Sections include the “Sexual Revolution,” “Being Black,” and “Cubans in the Arts and Sciences.”
“Cuba In the Special Period” considers the years 1990-1997 when, following the loss of trade with the Soviet Union, Cuba’s economy suffered a near-disastrous downturn.
“Ingenuity” features photos by Ernesto Oroza: lamps made of soda cans; fences fashioned from birth control pill blister packages; lighter made from electrical parts, pencil and home-made plastic sandal.
Michael Christopher Brown hangs out with urban tribes of “frikis:” young, louche, drug-using partiers who, in spite of their poverty, still somehow come off as glamourous.
Elliott Erwitt is famous for his 60s photos of Castro and Che Guevara. His black-and-white images of mangy dogs, primitive open-air markets, and people simply hanging out, waiting, are a world away from the frikis’ faux glitz.

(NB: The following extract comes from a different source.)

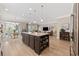 Bright, open kitchen with an island that provides seating, seamlessly blending with dining and living areas at 1129 Prescott Circle, Myrtle Beach, SC 29577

Michael Dweck’s subjects are the “1%”: artists, actors, filmmakers, restaurateurs, and models who enjoy lavish homes, luxury goods, and “late-night escapades” that are light-years away from the severe hardship of most citizens. “The creative class is in its own bubble,” says Dweck. “Cuba is an island of hypocrisy and an island of survivors.”
Luis Gilbert captures the exaggerated sexuality of the young women who call themselves “Chonga Girls.” Henry Eric Hernández and Maryse Gaudreau photograph teenagers who alter their Catholic school uniforms in order to prostitute themselves to tourists. (Girls! No!)

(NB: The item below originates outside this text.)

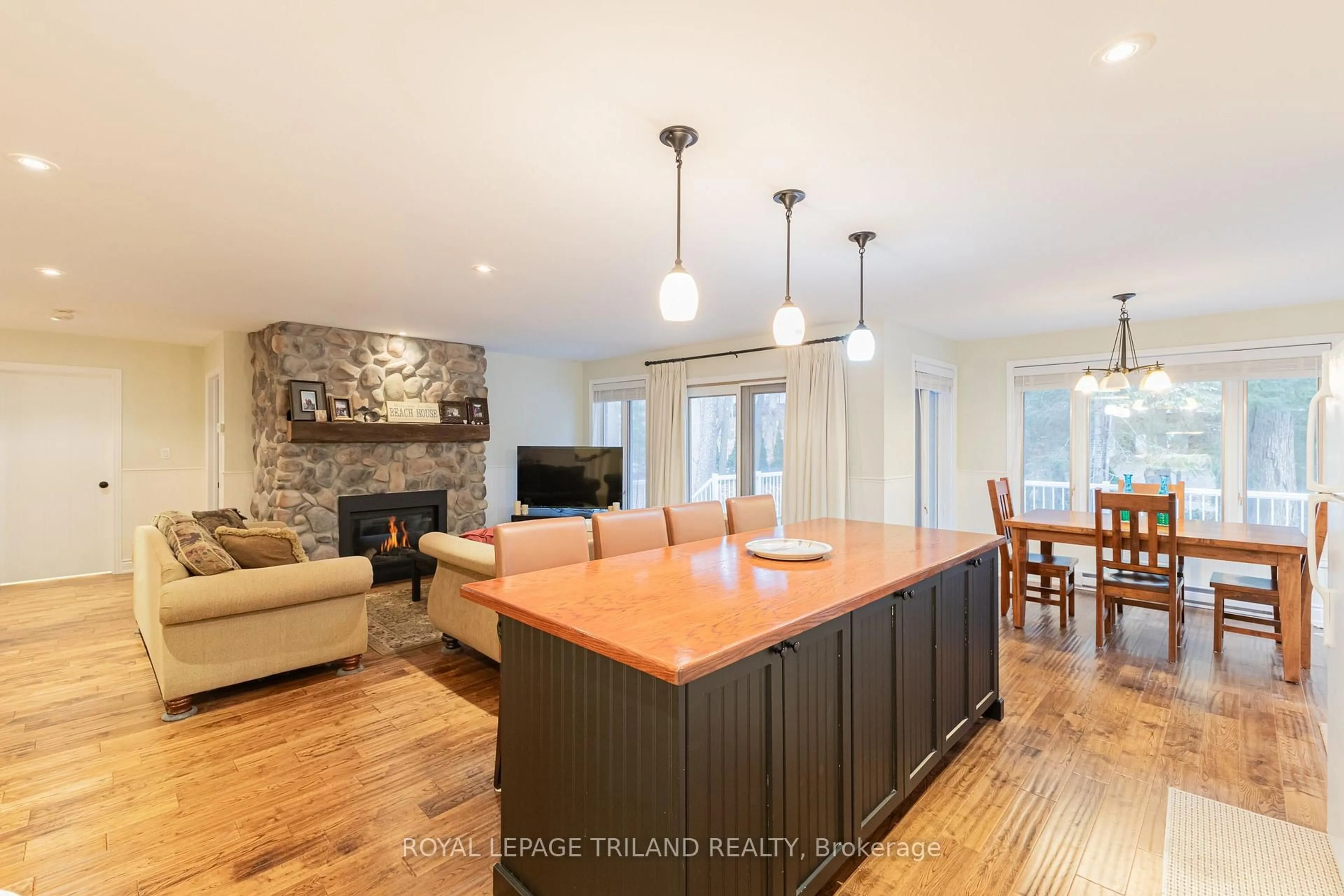 Open concept kitchen, wood/laminate floor for 33 Forest Ave, South Huron Ontario N0M 1T0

Raúl Cañibano, self-taught, grew up in the countryside hundreds and miles east of Havana. “I think being a photographer is putting your heart into it,” he says of his images. A peasant stares at the camera with a mixture of humility and defiance, his slender body wrapped in a huge trussed crocodile. During a power outage, a group of women, one holding a makeshift fluorescent lamp, help groom a young girl for her quiñceanera. Barefoot pilgrims, dragging chains and heavy rocks, each December crawl almost five miles to the St. Lazarus Church and Leprosarium just south of Havana. .
Leysis Quesada, a native of Havana, has two daughters who are growing up in a “very changing” Cuba.” In “April and Thalia on the Rooftop,” the budding ballerinas—one wearing a tutu of peacock blue, the other in black with pink shoes—resemble a pair of royal egrets. The grimy rooftop on which they’re posing overlooks a potholed alley and a tangle of jerry-rigged, possibly live, electrical wires.

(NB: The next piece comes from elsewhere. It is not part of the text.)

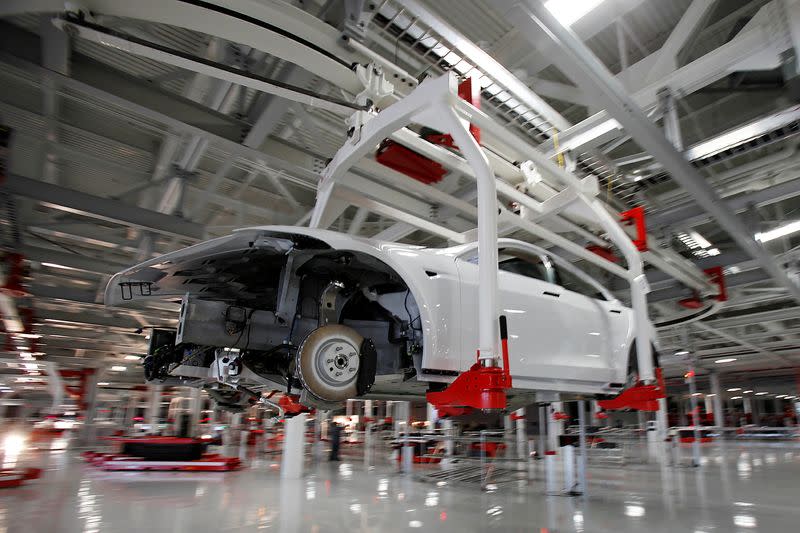 FILE PHOTO: The body of a Tesla Model S is transported by an automated crane at the Tesla factory in Fremont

Tria Giovan has been visiting and documenting the changes in Cuba for close to thirty years. Her photos—a makeshift beauty parlor, a Tropicana dancer, a closeup of a pair of battered pink satin toe shoes—capture the combination of woundedness and strength, fierceness and vulnerability, that seem to emblemize the soul of this precariously-positioned country.
An original documentary film, following five of the featured photographers as they capture images of life in Havana and beyond, accompanies the exhibit.
A further offering is “a virtual reality experience that delves into Cuba’s current dynamic music scene, allowing visitors to virtually stroll along the storied Malecón.” That would be the five-mile esplanade and seawall, sometimes dubbed “the world’s longest sofa,” along which Cubans promenade, preen, flirt, gossip, debate, pray, gaze out to sea, fish, play music, and sell their bodies. I skipped that part, not being dressed for it.
There’s even a pop-up café serving Cuban food from the famous Porto’s Bakery in Glendale: Guava cheese rolls. coconut strudel, La Llave coffee.
But in the end, it’s the images that compel. A dance academy that has been converted from a former prison. Bobby Carcasses, one of the founders of the Havana Jazz Festival, playing piano in his elegantly crumbling apartment. Deteriorating gingerbread building façades in hues of faded seafoam green, turquoise and Pepto-Bismol pink.
A kitchen, tiled in moldy blue, with a bucket for a sink.
In fact, my primary question, after observing so vivid a blend of squalor and spirit, the sacred and the profane, was this: How do so many people manage to look so heart-rendingly, exuberantly, seductively gorgeous with very little money, spotty electricity, and those hovel-like bathrooms?
As Raúl Cañibano sums up: “I love my country and all its complications. I always come back to the same thing: to tell stories.”